Resurrection magic existing kind of makes for cultural issues that have no parallel in our world. Some of it compares - such as the inherent class divide and tensions when the rich and powerful can literally buy their way out of death (a class divide is a class divide, this just digs the chasm deeper, which I'd love to see explored more in media btw) - but the implications on grief and acceptance are on another level. In our world, there is no bargaining with death. So much of our lives is spent coming to terms with the fact that we will all die one day, and mourning and moving on whenever death strikes near us. We experience stages of grief like denial and rage and bargaining but in the end there is no escaping it, no matter how hard you work or beg or rage. Clinging on can only hurt you. It's pointless. All you can do is move on, and it is so hard.
But if death is conditional. Impermanent. Something that can be defeated with money or power or faith. How do you ever move on. On a societal and cultural level, there should be entire rebellions based around who has access to resurrection. Powerful people offering resurrections as incentive would be all over the place, with desperate people selling their souls and freedom and entire lives to save a loved one. Would soldiers fear dying, seen as disposable, or would they fear being brought back again and again to die eternally on the battlefield?
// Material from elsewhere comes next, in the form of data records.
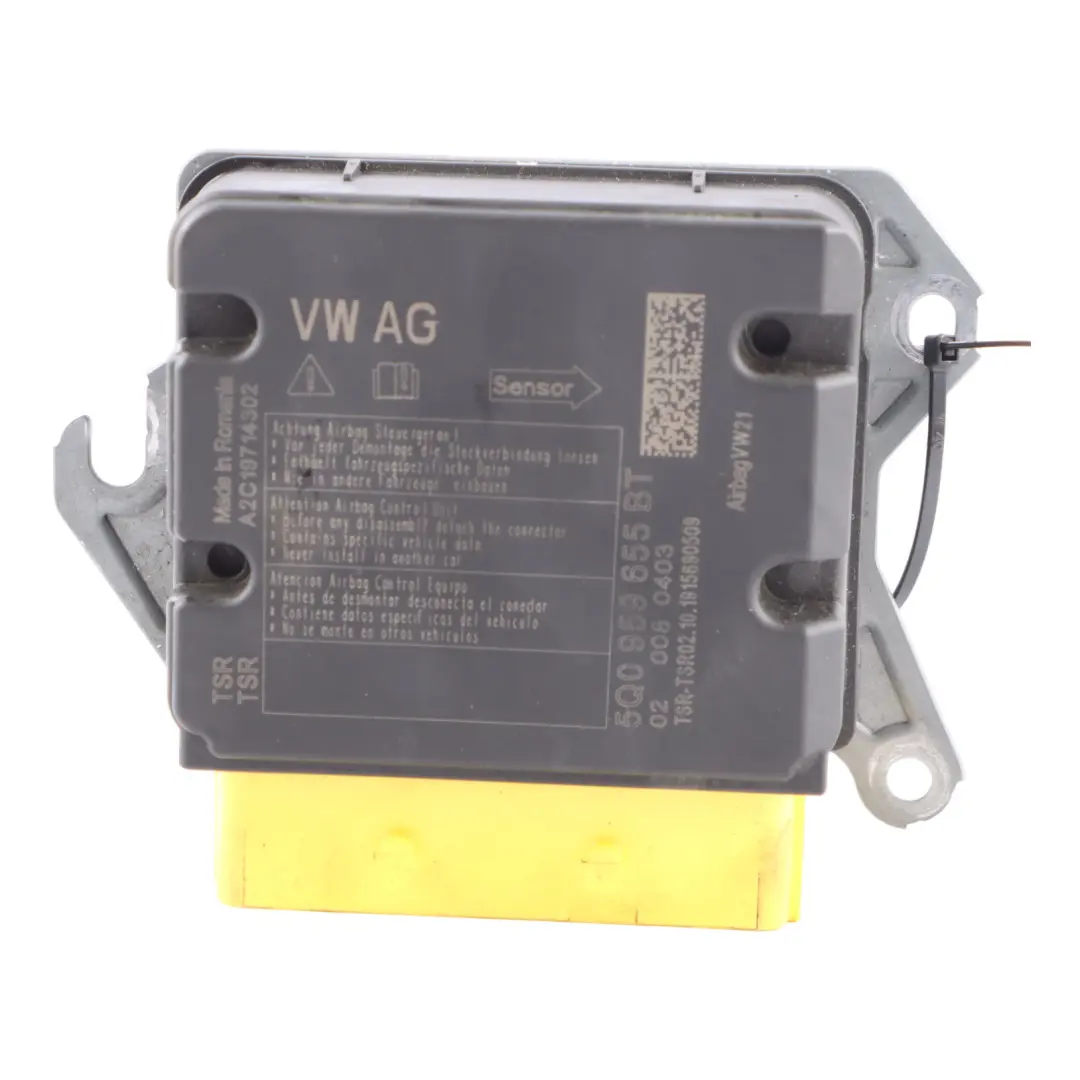 Modulo aria Sensore di controllo SRS Sistema ECU Unità per Audi A3 8V con numero di parte 5Q0959655BT Audi A3 8V Modulo aria Sensore di controllo SRS Sistema ECU Unità - SKU 5Q0959655BT - Numero di parte 5Q0959655BT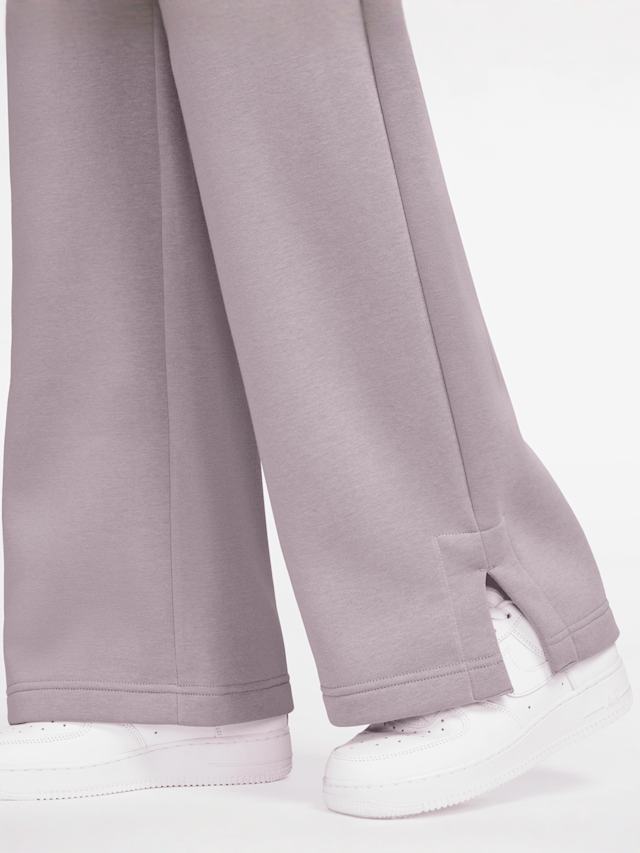 Nike, Sportswear Phoenix Fleece High-Rise Logo Wide Pants, purple, Image 3 of 3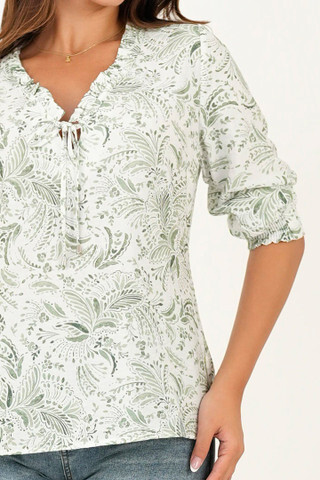 Blusa Manga 3/4 Escote con Bobo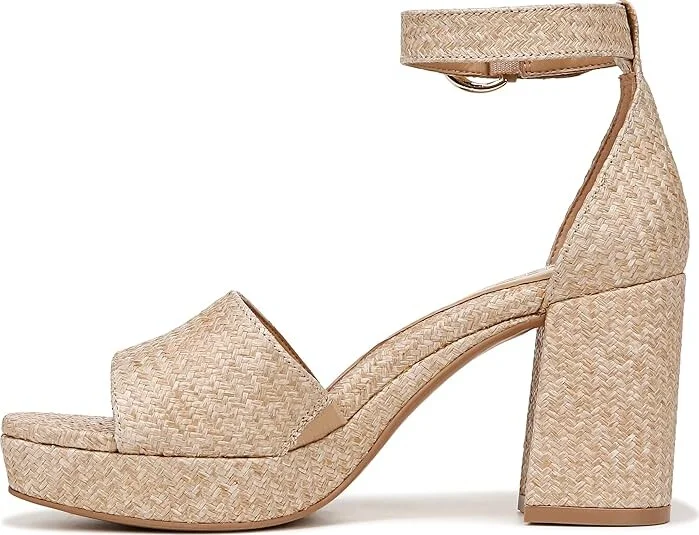 Naturalizer Pearlyn3 Ankle Straps Women's Sandals Wheat Woven Fabric : 10.5 M (B), Leather/Suede - Image 6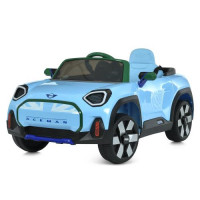 Машина JE1688EBLR-4(24V) (1шт) р/к, 2,4G, 4мотори35W, 1*24V5AH, MP3, USB, BLUETOOTH, музика, блакитн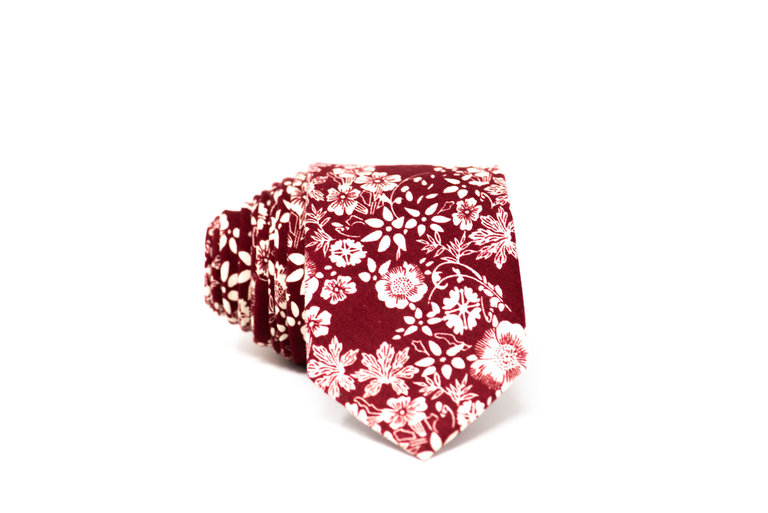 Ecliff Elie Cotton Cano Cristales Floral Tie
But on an individual level. Is acceptance of the inevitability of death even possible when it’s no longer inevitable? If you decide that no, you can not give up everything to go pursue resurrection of your child, will you hate yourself? You could save them. Why aren’t you? Why aren’t you doing everything in your power? How much do you hate the people who have this power but won’t offer it freely? If you yourself is brought back from the dead and find out most of your loved ones just, let you go, would you hate them? Would you feel abandoned and betrayed? If you’re watching from the afterlife and see your loved one, who’s been working to get you back, decides to accept your death and move on because they have found new love, would you find a way to fucking haunt them? Oh, you think I only lived for you? That I don’t want life just because I can’t have you, too? How selfish is that. But how selfish would it be to bring someone back only to salve your own feelings of guilt, whether they want to or not? Would there be an entire industry of mediums based on people needing to ask their loved ones if they wish to remain dead or not? How much more powerful would hate and love and hubris be in this world, lacking the absolute limit of death?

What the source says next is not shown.